START Dataset records

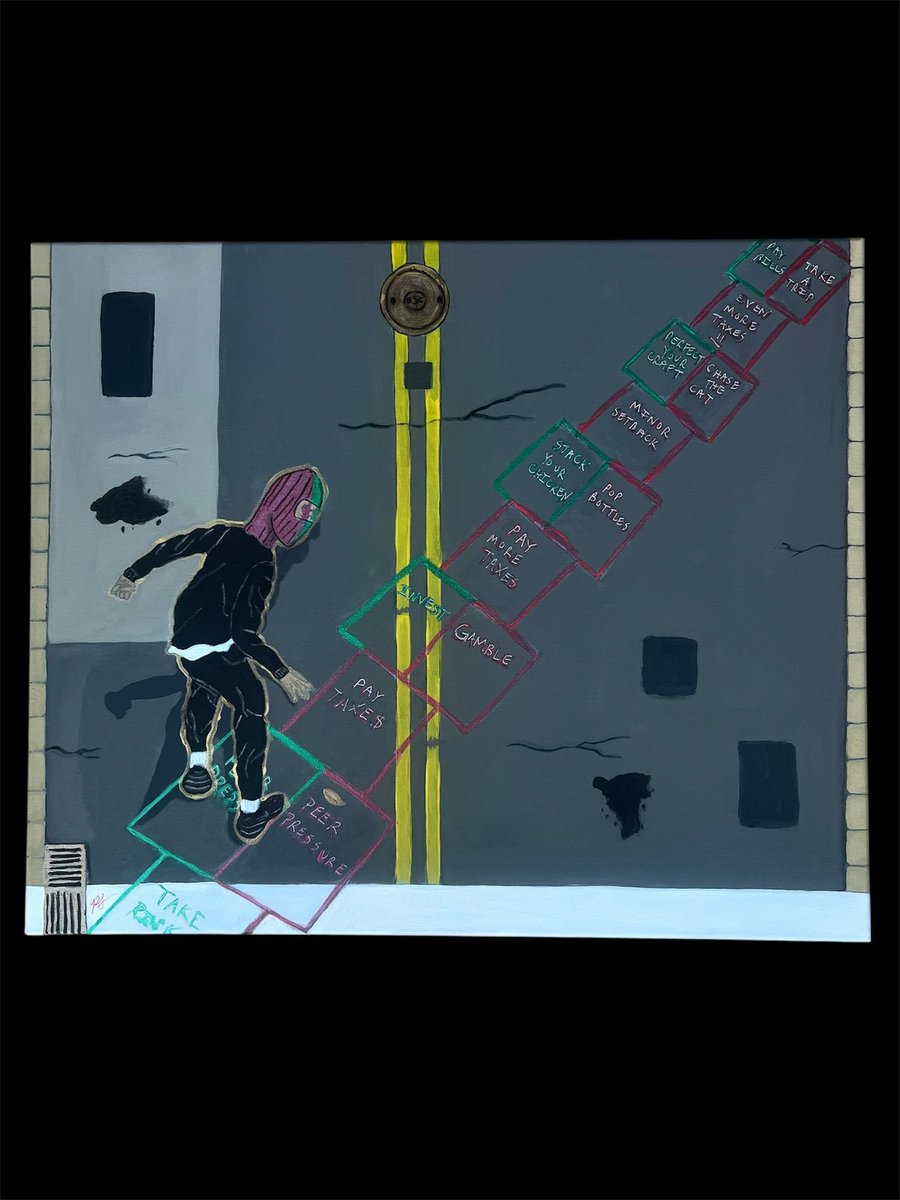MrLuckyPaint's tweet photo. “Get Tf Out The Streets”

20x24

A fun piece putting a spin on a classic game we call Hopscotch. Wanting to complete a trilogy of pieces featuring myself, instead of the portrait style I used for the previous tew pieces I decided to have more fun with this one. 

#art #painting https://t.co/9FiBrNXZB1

END Dataset records
START Dataset records

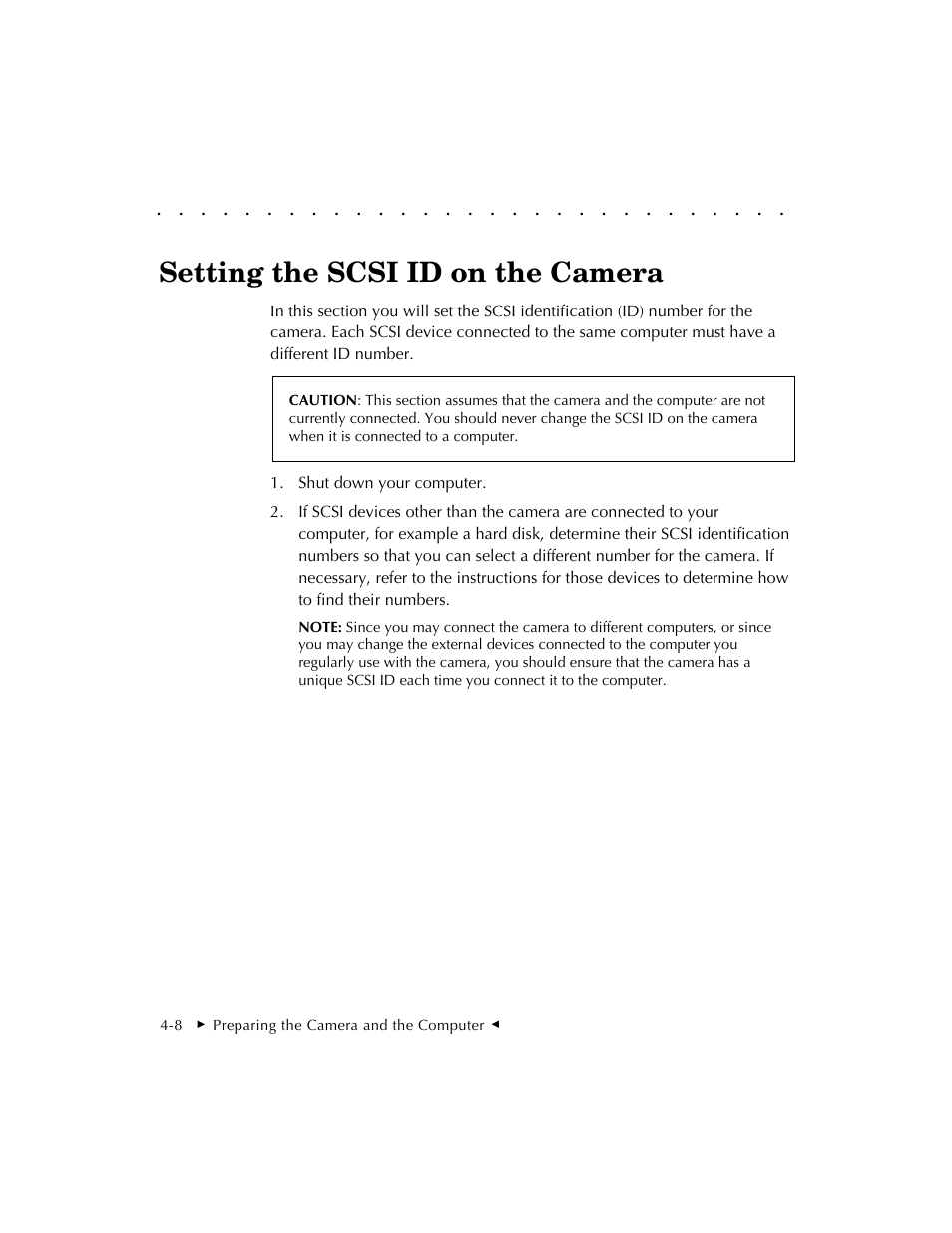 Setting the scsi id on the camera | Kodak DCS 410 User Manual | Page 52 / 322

END Dataset records

Problem details - In the data above, find the line containing "MrLuckyPaint's tweet photo." and the line containing "#art #painting https://t.co/9FiBrNXZB1". Repeat those two lines and everything between them exactly, minus the pictures.

Written response -
MrLuckyPaint's tweet photo. “Get Tf Out The Streets”

20x24

A fun piece putting a spin on a classic game we call Hopscotch. Wanting to complete a trilogy of pieces featuring myself, instead of the portrait style I used for the previous tew pieces I decided to have more fun with this one. 

#art #painting https://t.co/9FiBrNXZB1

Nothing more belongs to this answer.